The sophisticated, targeted cyberattack originated from China and “resulted in the theft of intellectual property from Google,” the search giant disclosed in a Jan 12 blog post. Much of the other details about the attack have remained a mystery.
Citing an unnamed person with direct knowledge of the investigation, the Times reported on Monday that those behind the attack managed to steal Google's password system, code-named Gaia, which controls millions of users' access to all of Google's web services, including email and other business applications.
The intruders did not steal the passwords of Gmail users, the report stated. But Google reportedly still uses the Gaia system, which now is called Single Sign-On.
A Google spokesman declined to comment on the new details of the intrusion when contacted by SCMagazineUS.com on Tuesday. He directed any questions to Google's initial blog post about the attack and a second post in March describing the company's decision to end censorship in China due to the incident.

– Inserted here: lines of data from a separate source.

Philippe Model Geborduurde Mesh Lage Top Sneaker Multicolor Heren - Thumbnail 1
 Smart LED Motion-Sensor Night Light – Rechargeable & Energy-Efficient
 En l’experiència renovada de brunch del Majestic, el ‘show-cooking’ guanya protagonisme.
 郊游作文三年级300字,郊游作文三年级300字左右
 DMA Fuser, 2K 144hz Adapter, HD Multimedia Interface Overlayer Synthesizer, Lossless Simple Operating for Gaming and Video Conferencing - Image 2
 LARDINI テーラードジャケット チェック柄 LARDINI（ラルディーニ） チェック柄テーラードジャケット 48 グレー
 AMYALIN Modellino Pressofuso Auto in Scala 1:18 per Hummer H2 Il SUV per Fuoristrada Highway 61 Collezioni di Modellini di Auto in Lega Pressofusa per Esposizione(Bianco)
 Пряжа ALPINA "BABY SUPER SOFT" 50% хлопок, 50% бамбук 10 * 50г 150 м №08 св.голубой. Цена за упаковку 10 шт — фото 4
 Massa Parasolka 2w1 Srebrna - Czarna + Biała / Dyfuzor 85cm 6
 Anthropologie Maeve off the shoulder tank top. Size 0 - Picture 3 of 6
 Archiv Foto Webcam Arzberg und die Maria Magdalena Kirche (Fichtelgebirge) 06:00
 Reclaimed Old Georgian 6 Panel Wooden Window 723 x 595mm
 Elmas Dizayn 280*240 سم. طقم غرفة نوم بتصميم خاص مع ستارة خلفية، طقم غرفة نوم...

Experts familiar with the intrusion have said it was an example of a sophisticated type of cyberattack called the advanced persistent threat (APT). These ploys use customized malware to exploit zero-day vulnerabilities and surreptitiously break into organizations with the goal of stealing trade secrets and gaining continued intelligence about victims.
According to the Times report, the attack on Google was initiated when intruders sent an instant message via Microsoft Messenger to a Google employee working in China. The message contained a link to a malicious website, which, when clicked, allowed attackers to gain access to a Google employee's personal computer.
Using this initial entry, attackers then gained access to the computers of a group of Google software developers for the Gaia program. The intruders then used other sophisticated hacking techniques to access and gain control of a software repository where the source code for the Gaia program was stored.
The stolen code was then transferred to computers owned by Rackspace, a cloud and managed hosting provider, before being sent to an unknown location.